“Não há possibilidade
de existência sem narrativa, sem viver uma outra história.”, Xico Sá.
No lançamento da obra-prima Coin Coin Chapter One: Gens Des Couleurs
Libres, Matana Roberts anunciava
que aquele seria o primeiro capítulo dos doze sobre a busca da formação da
cultura negra nos seus últimos trezentos anos, incluindo poesia, teatro, e tudo
que teve participação em diversas etapas da construção sociopolítica dessa
cultura. A série tem até uma protagonista, que possui diversas ocupações em
diferentes épocas, o que nos remete, é claro, a Woolf. E tudo isso poderia dar
incrivelmente errado, pela ambição e pelo compromisso em relacionar uma arte
estética com temas tão densos, não fosse Matana
saber o que faz e criar uma obra única não só dentro do jazz como da música.
Em um contexto tão amplo, lidando
com mais de 300 anos de história afro, o jazz livre é apenas mais um
instrumento- incluindo gospel, Field
recording, blues- para trazer a tona uma narrativa sobre supertições,
invocações e luta.
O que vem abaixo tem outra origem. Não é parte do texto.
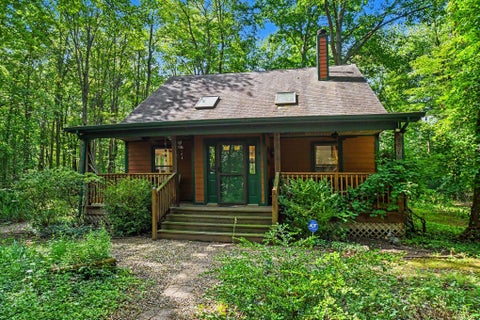 Photo for 13189 Three Oaks Road
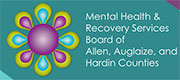 auglaize county oh mental health recovery services board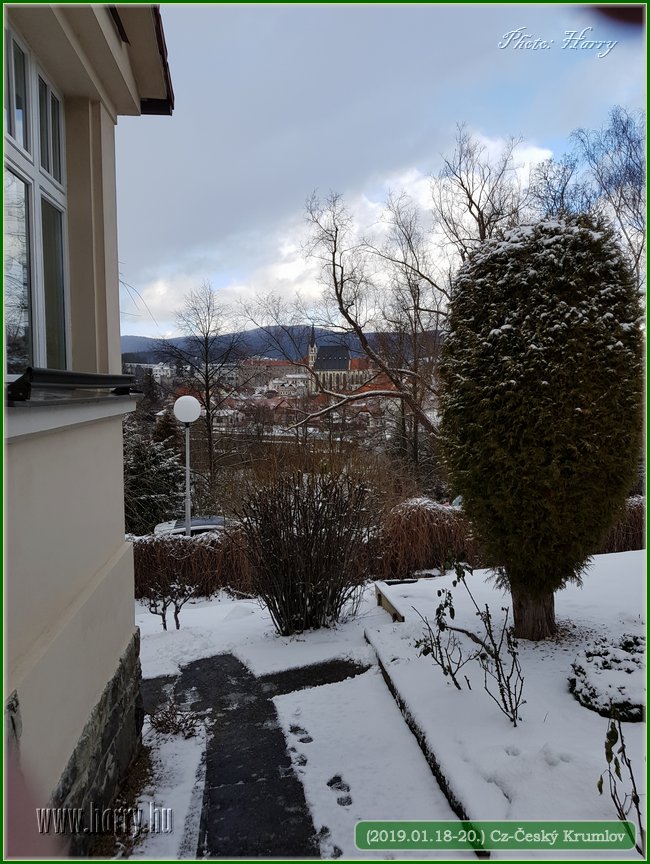 2019.01.18-20-Cz-Cesky_Krumlov-009.jpg
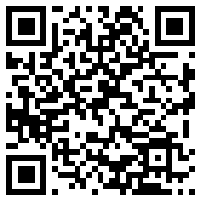 QR Code for bitcoin:1B1mg9MGr5R3MwwJAtZADXCqhWAMv4LkBm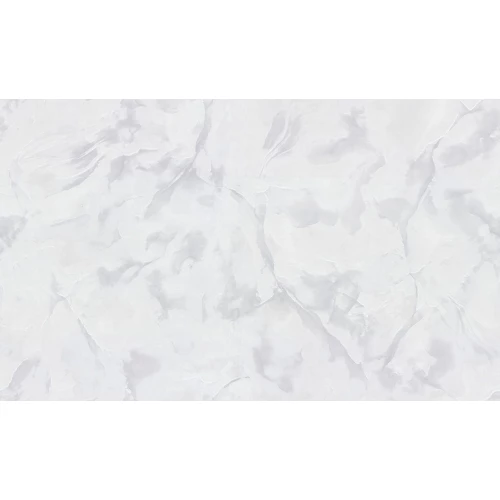 Обои флизелиновые Palitra Home The Best серые HC72371-41 1,06х10,05 м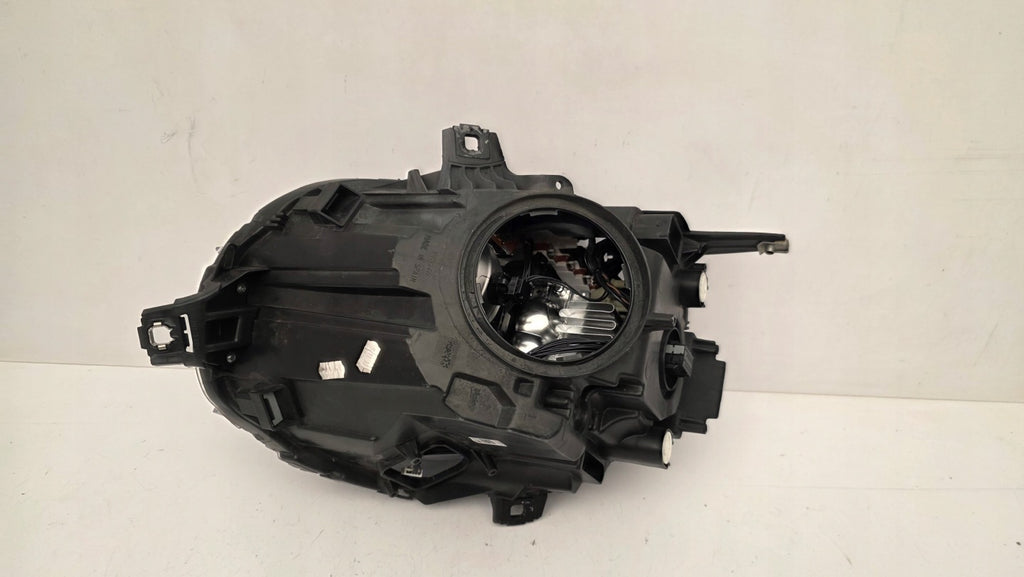 Frontscheinwerfer Mini F57 F54 F56 F55 7472231 Links Scheinwerfer Headlight SCH6732708252vh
Podemos relacionar essa brava vastidão ambiciosa com a obra
de Anthony Braxton, o envolvimento sociopolítico de Davis, a técnica de sopro
fraseada de Pharoah Sanders e a
ousadia de Cecil Taylor. Como contraponto ao capítulo I desse corpo monumental
sonoro, Matana optou por uma banda
bem menor do que a antecessora; Jeremiah
Abiah (vocais), Tomas Fujiwara (bateria),
Thomson Kneeland (contrabaixo), Jason
Palmer (trompete) e Shoko Nagai
(piano). Assim como a banda foi reduzida, a cacofonia esquizofrênica deu
passagem a partes mais líricas, totalmente melódicas. Obviamente, entre todas
as vozes que condecoram o disco (todos os membros da banda cantam), quem se
destaca é o tenor de opera Jeremiah.
São tempos complexos, e por isso a insistência de vozes, o passado ciclicamente
apresenta outras versões e consequentemente novas marcas. Roberts retrata
elementos como vergonha, superação, castigo e dor, de uma maneira coletiva. Ou
como ela mesma chama: “som panorâmico doloroso”.
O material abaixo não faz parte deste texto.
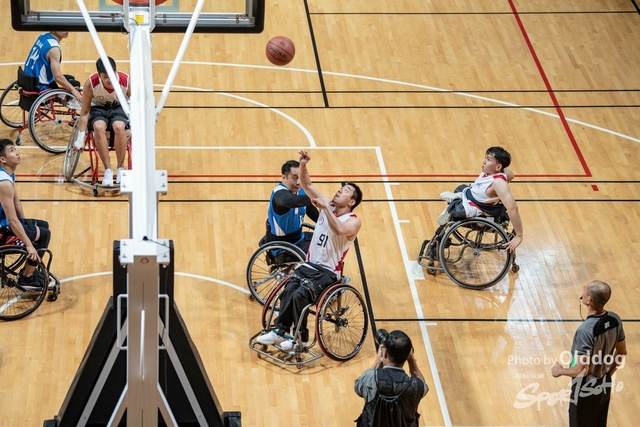 Basketball-65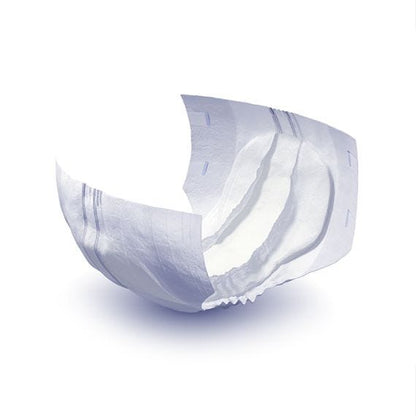 Amd Slip Extra Large Waist 110 160cm 2550ml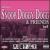 Snoop Doggy Dogg & Friends, Vol. 1 von Snoop Dogg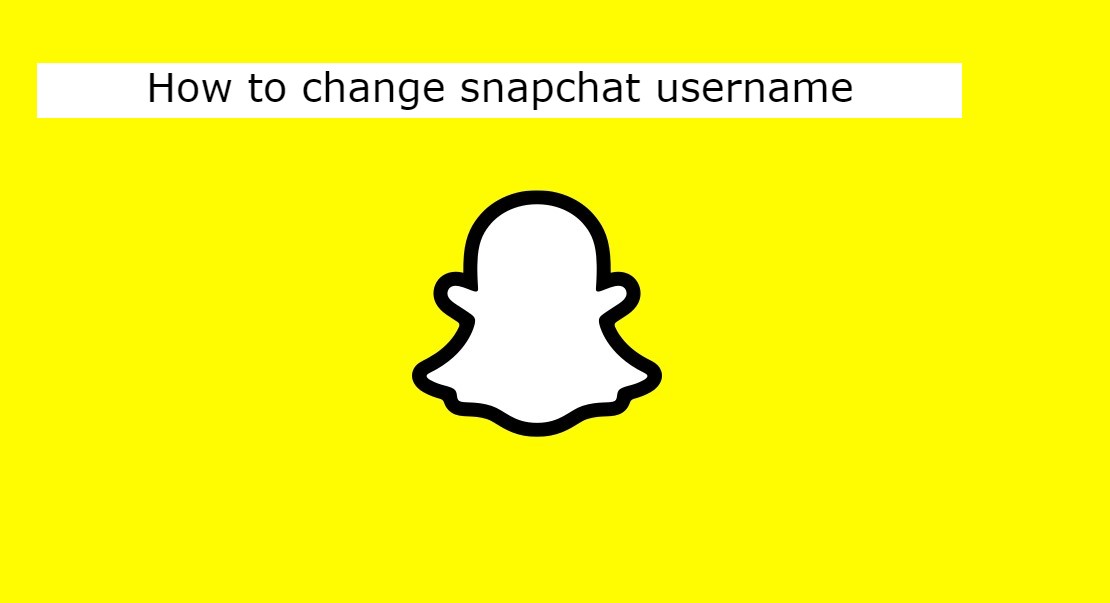 Premium Snapchat Dropbox photo 10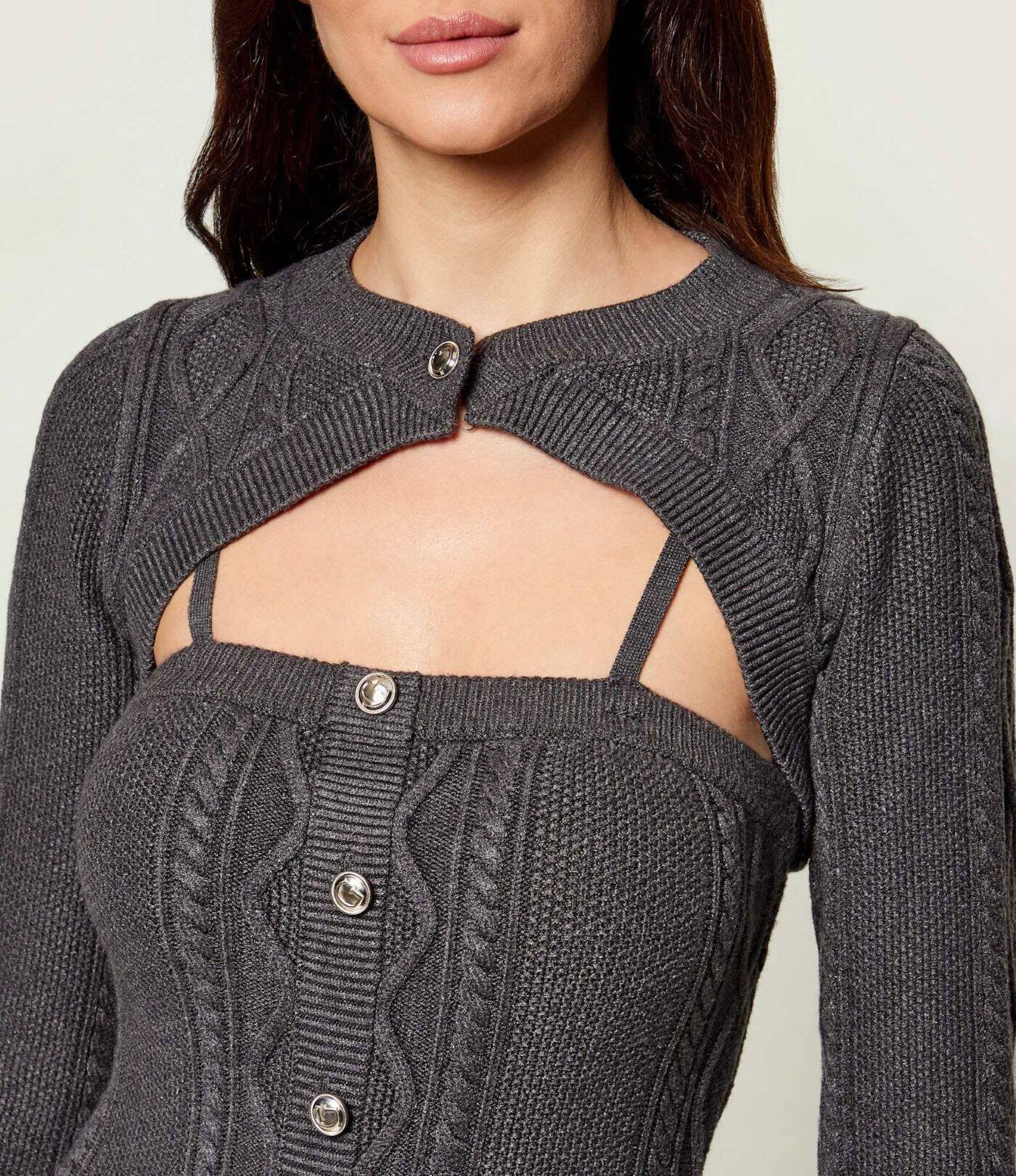 GUESS Rochie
As frases repetidas, as passagens
quase faladas de Matana em coro com o
resto da banda, ressaltando as superações dessa comunidade ao longo da história
e seus obstáculos; Roberts tem plena noção de seu dever enquanto mensageira da
ancestralidade de uma minoria brutalmente oprimida com o passar do tempo. Os
interessantes contrapontos criados, como o saxofone melancólico que segue a uma
esperançosa melodia gospel. Aliás, partes precisas de canções gospel aparecem
em cortes decisivos, num imenso jogo de contraste afetivo. Há beleza e
sofrimento, belas passagens e tempos agonizantes.
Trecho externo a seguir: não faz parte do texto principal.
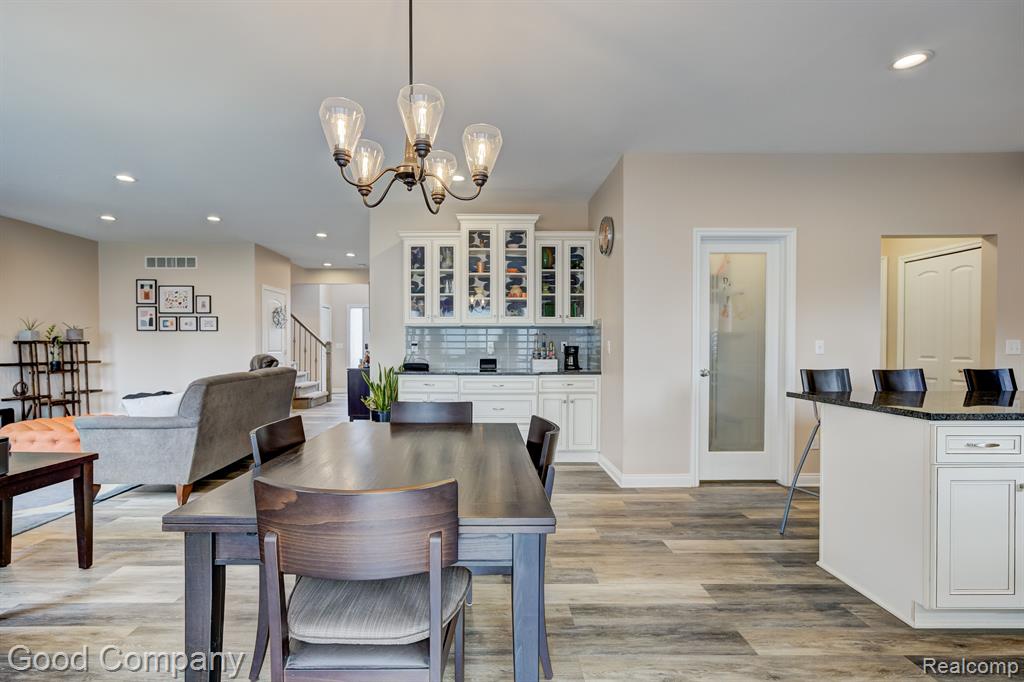 68 FAIRWOOD Street, Ferndale, MI 48220 — Photo 18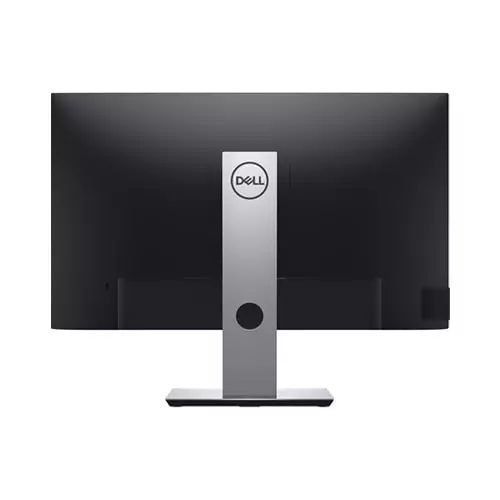 Dell P2719H 27 inch Full HD IPS Monitor - 3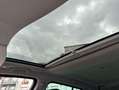 Renault Espace 1.6dCi TT Energy Zen EDC 118kW Negro - thumbnail 21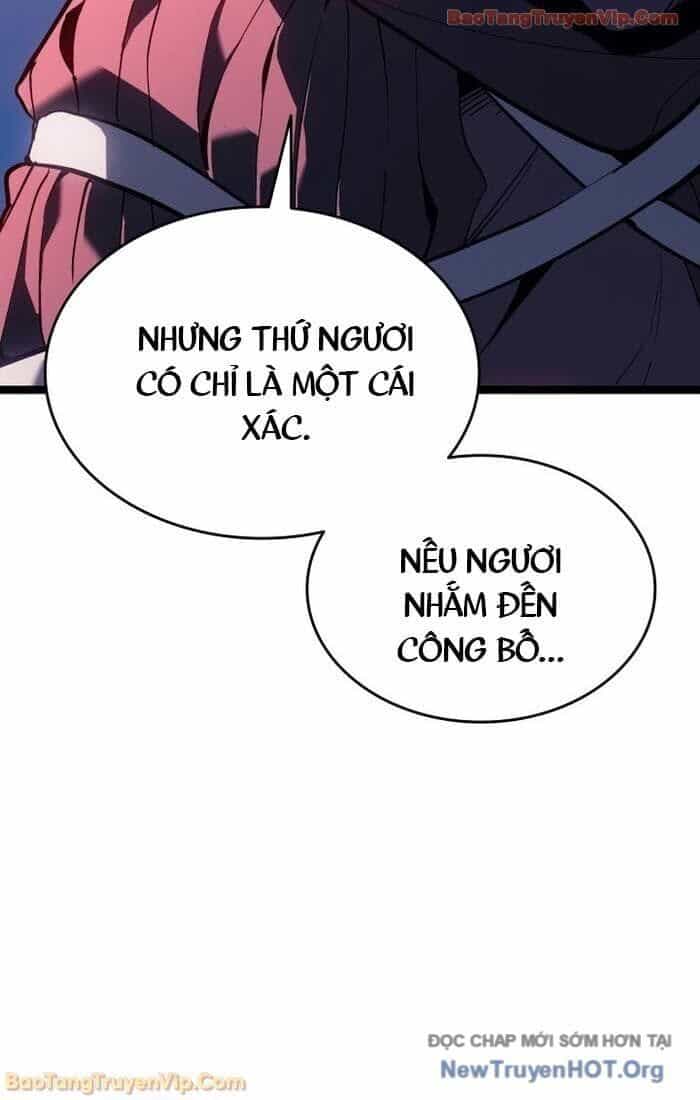 Tử Thần Phiêu Nguyệt - Chương 107 - ảnh 27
Não só o punk rock surgiu em
1977, Roscoe Mitchell também lançava Nonaah, abrindo percepções sobre o
saxofone, aprofundando a estética jazzista. Matana
rompe fronteiras musicais para estender e continuar na esteira de grandes nomes
da vanguarda musical. No momento, é difícil achar música mais relevante sendo
feita em algum outro lugar do mundo que não na cabeça de Roberts.